- Dostał Pan powołanie od trenera Adama Nawałki do szerokiej kadry na mistrzostwa świata. Jaka była Pana reakcja na tę wiadomość?
- Jestem zadowolony z tego, że dostałem szansę, ciężko na to pracowałem, drużyna mi pomagała. Ale to jest dopiero szeroka kadra, pierwszy krok, a o te następne muszę powalczyć na boisku.
- Trener Michał Probierz ma nadzieję, że to, jak się Pan zaprezentuje na treningach, da Panu przepustkę do tej kadry, która ostatecznie pojedzie na mundial.

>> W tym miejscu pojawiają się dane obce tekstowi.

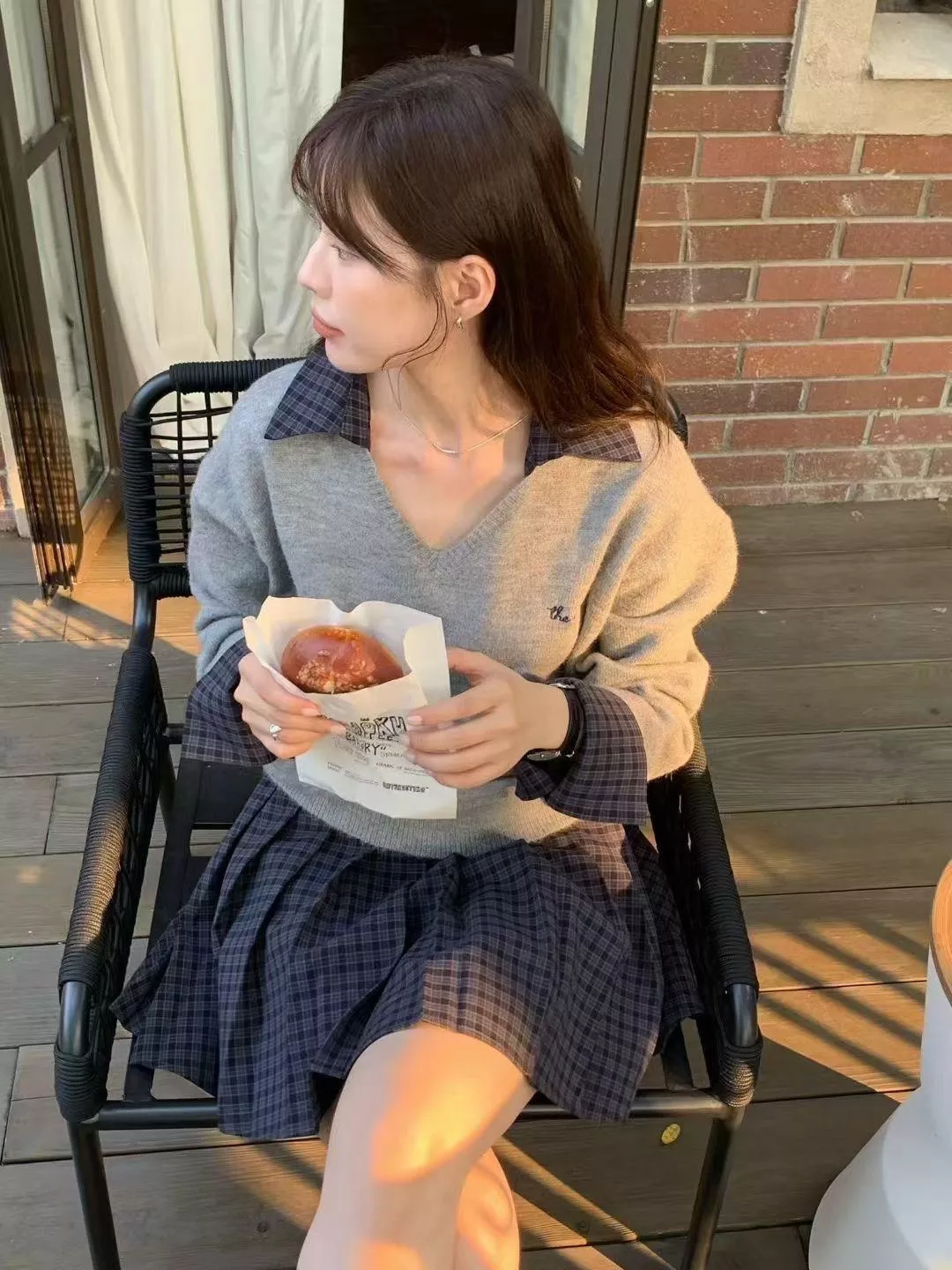 減齡格紋拼接套裝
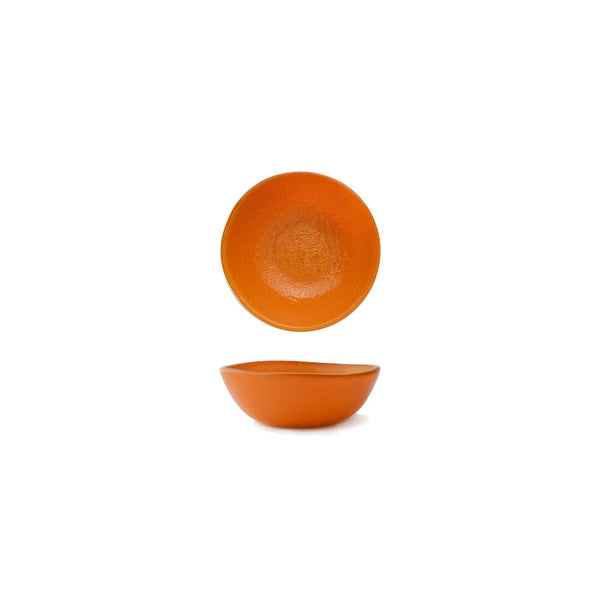 Turgla Fusion Glass dia.5.5" h:2" 14 oz. Round Turmeric Glass Bowl SKU: 04-019-14TRM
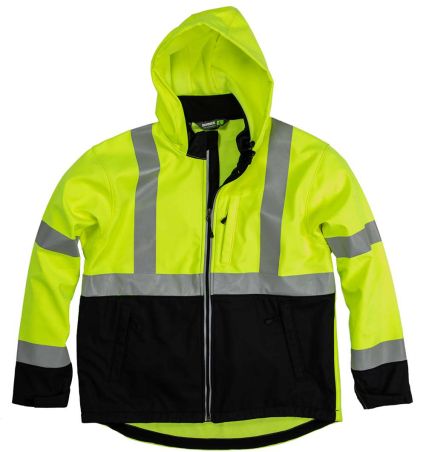 Berne Apparel HVJS206 Hi-Vis Class 3 Hooded Soft S in Yellow
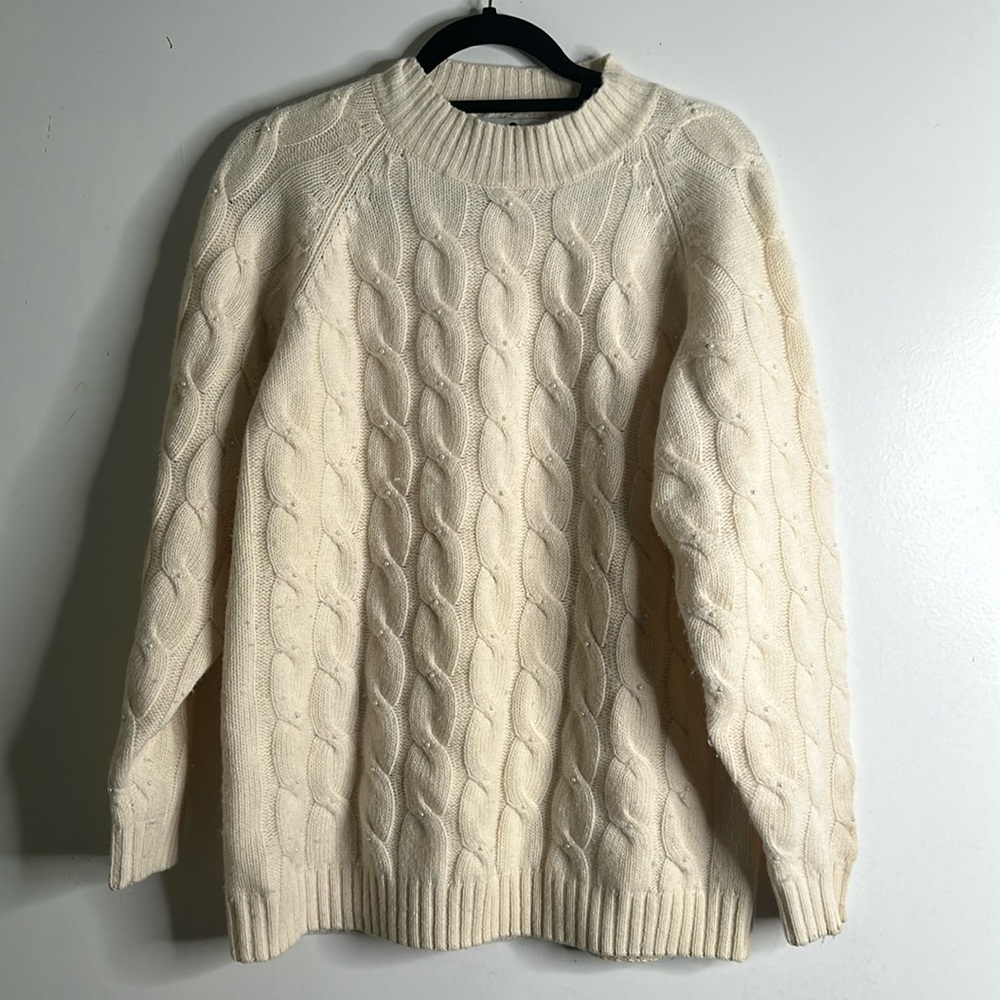 SAKS FIFTH AVENUE ivory lamb wool angora rabbit hair cable knit sweater size M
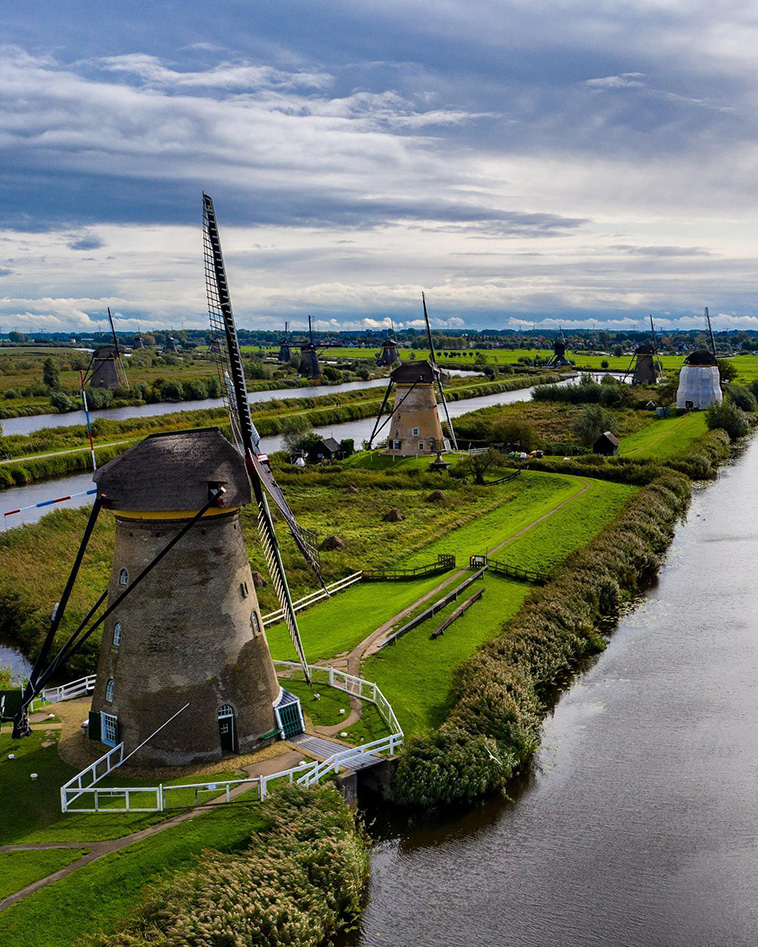Kinderdijk Village windmills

- Będę robił wszystko co w mojej mocy, żeby tak było, ale spokojnie do tego podchodzę. Wiem, na co mnie stać, ale muszę to pokazać trenerowi. Rozmawiałem z selekcjonerem przez telefon, wiem, jakie są jego oczekiwania.
- Czy ze słów trenera Adama Nawałki można wyczuć, że na dwa zgrupowania 28-osobowej kadry przed wyjazdem do Rosji też dostanie zaproszenie?
- Nie, rozmawialiśmy o tym, co trener ode mnie oczekuje. Mówił mi, że mnie obserwował, pokazał mi dobre i złe rzeczy. Mówił, co muszę poprawić, nad czym mam pracować. Była to fajna, ważna rozmowa dla mnie, bo wiem, czego trener ode mnie oczekuje.
- A trener Nawałka często do Pana dzwonił?
- Nie, pierwszy raz.
- A co selekcjoner polecił poprawić?
- Chciałbym to zostawić dla siebie. To były typowo piłkarskie, taktyczne rzeczy związane z grą w klubie.
- Miał Pan wcześniej jakieś przecieki, że będzie Pan wśród 35 wybranych piłkarzy przez selekcjonera?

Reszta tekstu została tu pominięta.